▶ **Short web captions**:
┌────────

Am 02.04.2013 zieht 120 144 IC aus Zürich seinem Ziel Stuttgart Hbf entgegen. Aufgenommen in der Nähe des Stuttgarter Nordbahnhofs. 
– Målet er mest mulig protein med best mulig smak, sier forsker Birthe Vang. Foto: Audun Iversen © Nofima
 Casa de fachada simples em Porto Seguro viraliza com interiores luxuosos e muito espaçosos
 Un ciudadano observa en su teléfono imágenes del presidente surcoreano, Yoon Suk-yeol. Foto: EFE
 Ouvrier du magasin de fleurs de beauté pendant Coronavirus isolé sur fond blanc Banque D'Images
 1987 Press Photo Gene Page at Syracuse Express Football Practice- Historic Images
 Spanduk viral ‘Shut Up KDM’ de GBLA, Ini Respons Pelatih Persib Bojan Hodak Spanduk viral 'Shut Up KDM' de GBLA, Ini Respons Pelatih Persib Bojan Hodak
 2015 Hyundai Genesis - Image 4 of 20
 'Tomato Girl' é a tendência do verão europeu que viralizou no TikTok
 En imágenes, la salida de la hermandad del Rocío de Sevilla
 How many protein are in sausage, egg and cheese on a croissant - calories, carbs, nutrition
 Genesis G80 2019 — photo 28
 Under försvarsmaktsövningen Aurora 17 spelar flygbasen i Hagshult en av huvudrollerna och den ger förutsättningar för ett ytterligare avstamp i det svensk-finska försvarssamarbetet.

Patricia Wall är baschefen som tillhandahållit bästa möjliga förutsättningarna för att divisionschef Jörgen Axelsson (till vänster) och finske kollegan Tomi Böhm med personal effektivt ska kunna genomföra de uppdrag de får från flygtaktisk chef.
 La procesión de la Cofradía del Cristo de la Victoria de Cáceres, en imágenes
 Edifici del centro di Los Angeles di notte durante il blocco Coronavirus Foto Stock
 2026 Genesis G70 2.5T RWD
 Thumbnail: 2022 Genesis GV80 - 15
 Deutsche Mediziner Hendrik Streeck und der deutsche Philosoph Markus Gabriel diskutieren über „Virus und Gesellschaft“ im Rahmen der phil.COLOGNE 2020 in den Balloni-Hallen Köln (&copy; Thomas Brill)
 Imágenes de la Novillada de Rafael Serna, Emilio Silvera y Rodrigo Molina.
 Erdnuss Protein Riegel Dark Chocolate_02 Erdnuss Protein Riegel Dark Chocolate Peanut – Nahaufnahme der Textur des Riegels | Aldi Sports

└────────

▶ **What to work on**: Please copy all of the data above exactly.

▶ **Result**:
Am 02.04.2013 zieht 120 144 IC aus Zürich seinem Ziel Stuttgart Hbf entgegen. Aufgenommen in der Nähe des Stuttgarter Nordbahnhofs. 
– Målet er mest mulig protein med best mulig smak, sier forsker Birthe Vang. Foto: Audun Iversen © Nofima
 Casa de fachada simples em Porto Seguro viraliza com interiores luxuosos e muito espaçosos
 Un ciudadano observa en su teléfono imágenes del presidente surcoreano, Yoon Suk-yeol. Foto: EFE
 Ouvrier du magasin de fleurs de beauté pendant Coronavirus isolé sur fond blanc Banque D'Images
 1987 Press Photo Gene Page at Syracuse Express Football Practice- Historic Images
 Spanduk viral ‘Shut Up KDM’ de GBLA, Ini Respons Pelatih Persib Bojan Hodak Spanduk viral 'Shut Up KDM' de GBLA, Ini Respons Pelatih Persib Bojan Hodak
 2015 Hyundai Genesis - Image 4 of 20
 'Tomato Girl' é a tendência do verão europeu que viralizou no TikTok
 En imágenes, la salida de la hermandad del Rocío de Sevilla
 How many protein are in sausage, egg and cheese on a croissant - calories, carbs, nutrition
 Genesis G80 2019 — photo 28
 Under försvarsmaktsövningen Aurora 17 spelar flygbasen i Hagshult en av huvudrollerna och den ger förutsättningar för ett ytterligare avstamp i det svensk-finska försvarssamarbetet.

Patricia Wall är baschefen som tillhandahållit bästa möjliga förutsättningarna för att divisionschef Jörgen Axelsson (till vänster) och finske kollegan Tomi Böhm med personal effektivt ska kunna genomföra de uppdrag de får från flygtaktisk chef.
 La procesión de la Cofradía del Cristo de la Victoria de Cáceres, en imágenes
 Edifici del centro di Los Angeles di notte durante il blocco Coronavirus Foto Stock
 2026 Genesis G70 2.5T RWD
 Thumbnail: 2022 Genesis GV80 - 15
 Deutsche Mediziner Hendrik Streeck und der deutsche Philosoph Markus Gabriel diskutieren über „Virus und Gesellschaft“ im Rahmen der phil.COLOGNE 2020 in den Balloni-Hallen Köln (&copy; Thomas Brill)
 Imágenes de la Novillada de Rafael Serna, Emilio Silvera y Rodrigo Molina.
 Erdnuss Protein Riegel Dark Chocolate_02 Erdnuss Protein Riegel Dark Chocolate Peanut – Nahaufnahme der Textur des Riegels | Aldi Sports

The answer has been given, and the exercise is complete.